Como era o tempo do Estado Novo (1937-1945), a norma que instituiu a CLT não foi discutida pelo Senado nem pela Câmara, que permaneceram fechados durante o período autoritário varguista. O decreto-lei partiu do Poder Executivo.
A posterior adição de direitos à legislação trabalhista, ao contrário, passaria sempre pelo Parlamento. O 13º salário, por exemplo, veio em 1962. O Fundo de Garantia do Tempo de Serviço (FGTS), em 1967.
Primeiros passos
De acordo com historiadores, quando apresentou a CLT, Getúlio Vargas tinha três objetivos principais em mente. O primeiro era atrair mão de obra do campo para a cidade e, assim, abastecer e fortalecer as incipientes fábricas. O Brasil era majoritariamente rural. O governo Vargas, em suas diferentes fases, se caracterizou por apostar na indústria como combustível do desenvolvimento nacional.

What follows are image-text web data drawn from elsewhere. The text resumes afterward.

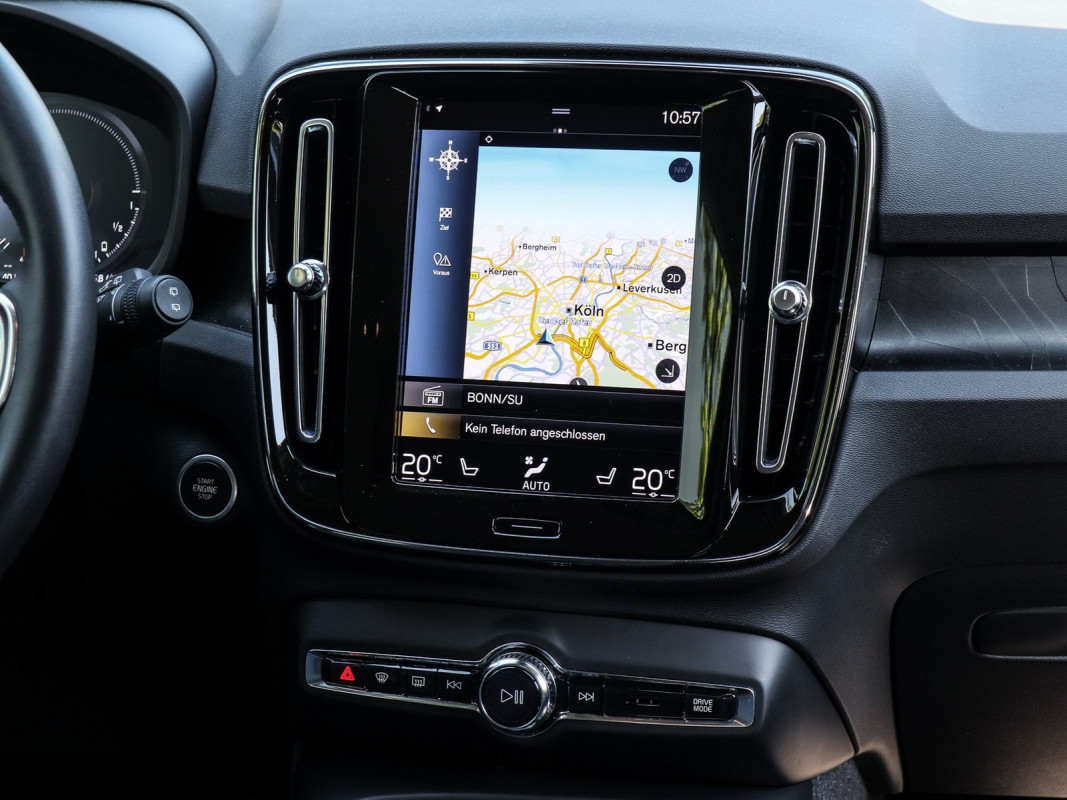 Volvo XC40 T5 Recharge - SUV/Off-road - Blau - Gebrauchtwagen - Bild 9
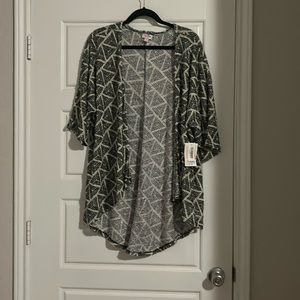NWT Small LuLaRoe Lindsay open cardigan Kimono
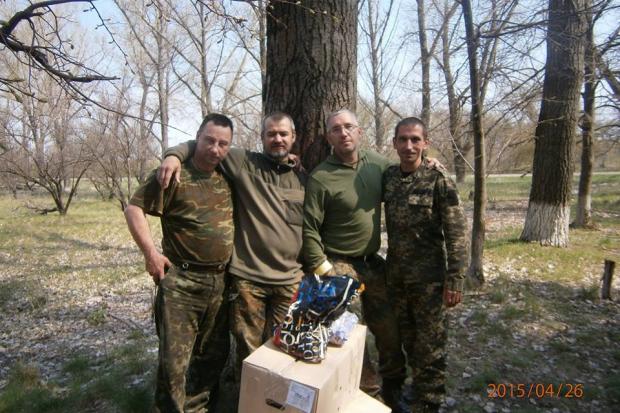 Волонтери з Калуша разом із бійцями АТО  | Фото: Іван Войтановський\Facebook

O segundo objetivo era evitar a “luta de classes” – expressão aplicada à então realidade do país por Lindolfo Collor, um dos ministros do Trabalho de Getúlio Vargas. A criação de regras para o mercado de trabalho reduziria a exploração e, consequentemente, a insatisfação do operariado com os patrões e o governo, afastando o risco de rebeliões populares e instabilidade política e econômica.
O terceiro era sufocar o comunismo. A CLT, em seus primórdios, limitava o número de sindicatos e os subordinava ao Ministério do Trabalho, que proibia as greves e a disseminação de ideias tidas como subversivas.
Vulnerabilidade como nunca
A CLT surpreendeu por resistir à mudança dos tempos. No início quase exclusiva para os operários da indústria, aumentou seu alcance com o passar do tempo até englobar todo tipo de trabalhador.
O maior sinal de que não é datada ou ultrapassada foi emitido em 1988, quando diversas das proteções trabalhistas inscritas na CLT passaram a fazer parte da Constituição, ganhando o status de direitos sociais.
A bonança dos trabalhadores no campo das leis, porém, logo mudaria. Especialistas ouvidos pela Agência Senado avaliam que, hoje, a octogenária CLT vive o pior momento de sua história, com vários retrocessos.
O novo cenário se deve não só aos fenômenos da “uberização” (o trabalho por meio de aplicativos) e da “pejotização” (em que o trabalhador atua não como pessoa física, com carteira de trabalho assinada, mas como pessoa jurídica) e ao crescente número de brasileiros que sobrevivem fazendo “bicos”, mas também à ampla reforma trabalhista levada a cabo em 2017, pelo governo Michel Temer.
Afirma o doutor em direito trabalhista Renato Bignami, um dos diretores do Sindicato Nacional dos Auditores Fiscais do Trabalho (Sinait): “Nos últimos 80 anos, os brasileiros nunca estiveram tão vulneráveis à exploração no trabalho quanto agora. Nas discussões da reforma trabalhista, falou-se muito que o Brasil estava desconectado do restante do mundo e que era necessário modernizar as leis do trabalho. Foi um argumento falacioso. O que se fez, na verdade, foi precarizar a situação do trabalhador para aumentar o lucro do empregador.”
Os enganos da “reforma”
A reforma trabalhista (Lei 13.467) estabeleceu que os acordos coletivos agora têm liberdade para prever condições de serviço que antes eram inaceitáveis por lei em relação a pontos como jornada de trabalho, banco de horas, intervalo de alimentação e até grau de insalubridade do ambiente.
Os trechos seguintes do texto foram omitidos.